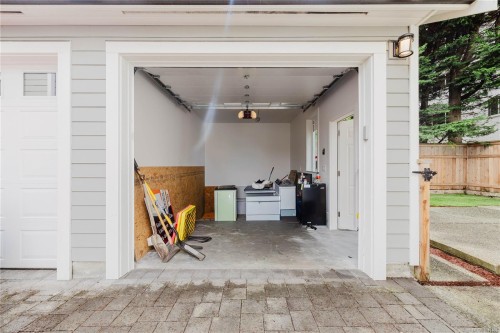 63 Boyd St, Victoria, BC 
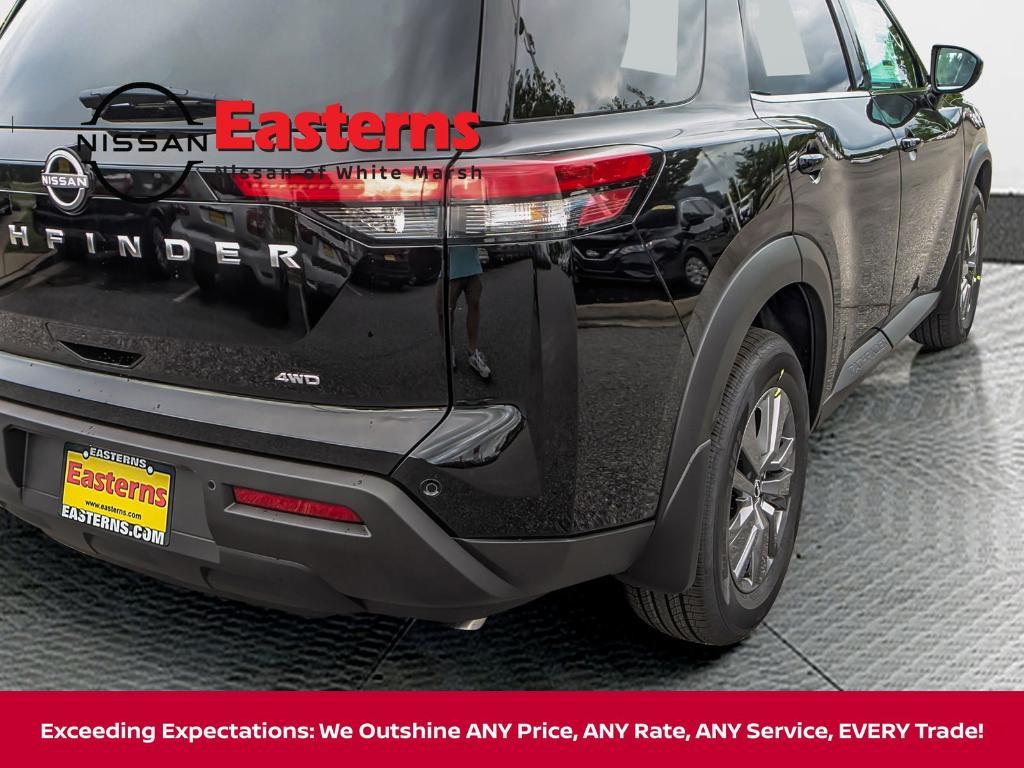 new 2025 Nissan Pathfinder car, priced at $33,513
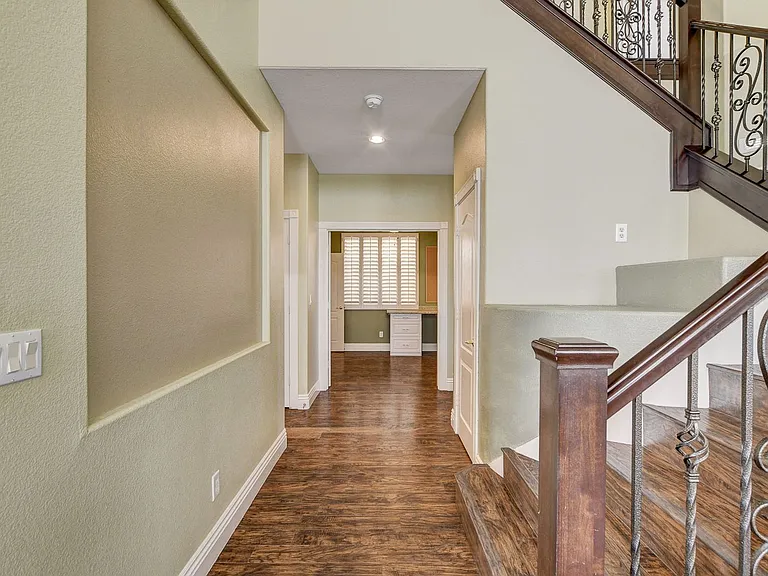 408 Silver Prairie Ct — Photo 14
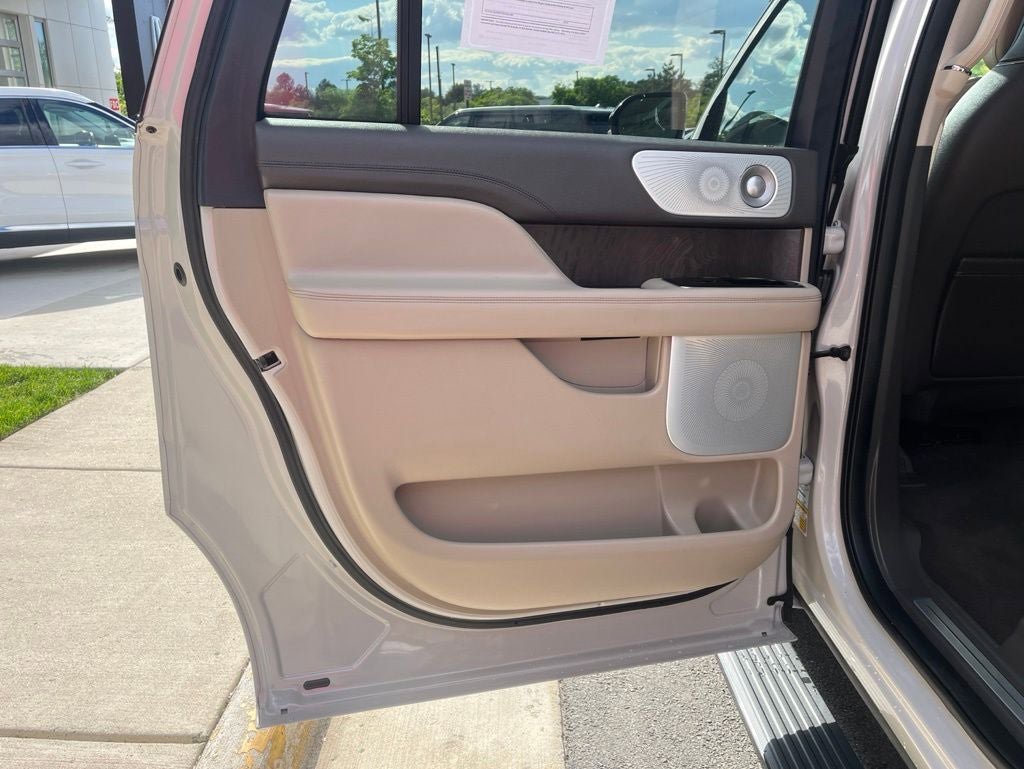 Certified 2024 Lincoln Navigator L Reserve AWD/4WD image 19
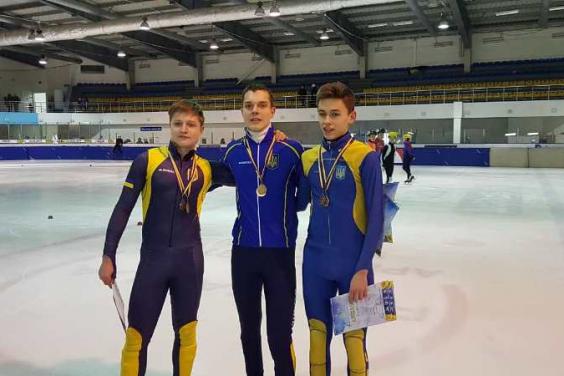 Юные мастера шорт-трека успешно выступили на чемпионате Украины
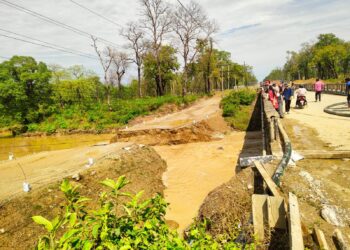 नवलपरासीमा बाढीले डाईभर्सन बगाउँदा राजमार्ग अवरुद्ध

--

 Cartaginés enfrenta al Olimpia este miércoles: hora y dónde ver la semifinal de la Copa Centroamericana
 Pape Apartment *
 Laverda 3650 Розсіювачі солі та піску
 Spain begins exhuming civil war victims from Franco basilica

#### HOW TO COMPLETE THIS TASK:
All lines above starting at the one with "63 Boyd St, Victoria, BC" and ending at the one with "नवलपरासीमा बाढीले डाईभर्सन", inclusive, are to be printed again exactly, with the pictures left out.

#### WRITTEN SOLUTION:
 63 Boyd St, Victoria, BC 
 new 2025 Nissan Pathfinder car, priced at $33,513
 408 Silver Prairie Ct — Photo 14
 Certified 2024 Lincoln Navigator L Reserve AWD/4WD image 19
 Юные мастера шорт-трека успешно выступили на чемпионате Украины
 नवलपरासीमा बाढीले डाईभर्सन बगाउँदा राजमार्ग अवरुद्ध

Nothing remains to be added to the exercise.